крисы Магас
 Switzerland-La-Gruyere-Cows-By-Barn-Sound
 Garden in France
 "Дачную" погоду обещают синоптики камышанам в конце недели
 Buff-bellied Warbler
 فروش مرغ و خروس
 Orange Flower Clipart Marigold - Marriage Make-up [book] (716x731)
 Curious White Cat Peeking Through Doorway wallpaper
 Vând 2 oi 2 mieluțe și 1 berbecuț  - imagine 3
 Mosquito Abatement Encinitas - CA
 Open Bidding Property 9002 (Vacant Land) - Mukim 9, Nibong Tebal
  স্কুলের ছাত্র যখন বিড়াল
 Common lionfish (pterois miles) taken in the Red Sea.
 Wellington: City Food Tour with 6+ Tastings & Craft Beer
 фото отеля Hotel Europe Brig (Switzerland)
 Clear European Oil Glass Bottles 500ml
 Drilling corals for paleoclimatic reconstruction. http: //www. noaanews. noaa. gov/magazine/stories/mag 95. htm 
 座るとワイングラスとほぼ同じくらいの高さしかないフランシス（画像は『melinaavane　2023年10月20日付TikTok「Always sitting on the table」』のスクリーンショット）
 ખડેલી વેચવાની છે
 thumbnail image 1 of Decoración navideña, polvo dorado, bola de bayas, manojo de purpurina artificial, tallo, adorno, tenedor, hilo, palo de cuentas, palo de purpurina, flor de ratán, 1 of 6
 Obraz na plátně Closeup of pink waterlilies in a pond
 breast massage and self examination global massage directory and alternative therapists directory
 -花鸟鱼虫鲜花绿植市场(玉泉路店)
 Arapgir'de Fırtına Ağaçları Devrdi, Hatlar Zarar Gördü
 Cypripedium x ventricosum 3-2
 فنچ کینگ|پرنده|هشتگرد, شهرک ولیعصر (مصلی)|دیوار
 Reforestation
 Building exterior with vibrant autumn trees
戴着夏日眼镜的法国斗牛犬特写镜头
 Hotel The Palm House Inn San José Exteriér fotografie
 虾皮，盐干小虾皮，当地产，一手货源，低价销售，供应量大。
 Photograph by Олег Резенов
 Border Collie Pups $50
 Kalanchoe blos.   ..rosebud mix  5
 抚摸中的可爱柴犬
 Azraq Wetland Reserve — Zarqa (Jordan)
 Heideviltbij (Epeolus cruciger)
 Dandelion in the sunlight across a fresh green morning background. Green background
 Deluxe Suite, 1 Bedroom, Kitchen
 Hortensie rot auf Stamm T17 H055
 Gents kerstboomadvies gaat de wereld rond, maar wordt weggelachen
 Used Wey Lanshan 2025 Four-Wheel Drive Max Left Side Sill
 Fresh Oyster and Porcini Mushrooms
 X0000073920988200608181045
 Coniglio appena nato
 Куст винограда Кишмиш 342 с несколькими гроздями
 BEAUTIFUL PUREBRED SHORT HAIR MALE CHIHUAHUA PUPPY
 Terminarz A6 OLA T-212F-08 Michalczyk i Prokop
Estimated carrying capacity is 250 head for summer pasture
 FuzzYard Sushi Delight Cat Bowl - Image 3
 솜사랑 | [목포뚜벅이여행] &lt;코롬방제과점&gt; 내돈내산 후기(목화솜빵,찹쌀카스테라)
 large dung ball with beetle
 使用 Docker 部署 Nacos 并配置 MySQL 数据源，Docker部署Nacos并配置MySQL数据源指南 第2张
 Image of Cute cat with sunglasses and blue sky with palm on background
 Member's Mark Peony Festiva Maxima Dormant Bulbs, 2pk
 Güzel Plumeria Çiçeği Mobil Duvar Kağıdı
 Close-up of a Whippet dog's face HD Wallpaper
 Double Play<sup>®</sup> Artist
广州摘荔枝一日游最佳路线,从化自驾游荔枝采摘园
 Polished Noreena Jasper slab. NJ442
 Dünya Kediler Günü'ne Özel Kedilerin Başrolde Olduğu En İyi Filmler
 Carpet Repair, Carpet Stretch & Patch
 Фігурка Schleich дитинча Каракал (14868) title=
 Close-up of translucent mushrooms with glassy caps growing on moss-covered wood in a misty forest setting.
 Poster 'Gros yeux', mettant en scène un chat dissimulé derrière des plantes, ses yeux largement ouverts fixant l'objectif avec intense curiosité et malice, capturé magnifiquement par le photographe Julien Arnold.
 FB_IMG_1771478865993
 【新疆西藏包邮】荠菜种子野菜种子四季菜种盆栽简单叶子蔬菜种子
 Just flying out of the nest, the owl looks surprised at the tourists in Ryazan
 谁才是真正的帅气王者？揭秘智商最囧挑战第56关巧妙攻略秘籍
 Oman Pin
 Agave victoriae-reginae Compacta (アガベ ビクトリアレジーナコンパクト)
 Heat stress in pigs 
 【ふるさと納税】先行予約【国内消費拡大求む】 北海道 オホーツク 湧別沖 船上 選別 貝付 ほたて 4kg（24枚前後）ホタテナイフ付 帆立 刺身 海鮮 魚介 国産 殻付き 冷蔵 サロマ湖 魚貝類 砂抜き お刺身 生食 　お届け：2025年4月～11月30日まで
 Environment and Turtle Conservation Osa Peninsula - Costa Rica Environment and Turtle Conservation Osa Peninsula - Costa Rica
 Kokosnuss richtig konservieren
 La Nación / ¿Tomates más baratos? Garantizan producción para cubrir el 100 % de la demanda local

> _Work to complete_: Give the number of lines in the data that contain the string "Switzerland", and nothing else.

> _Solution_: 2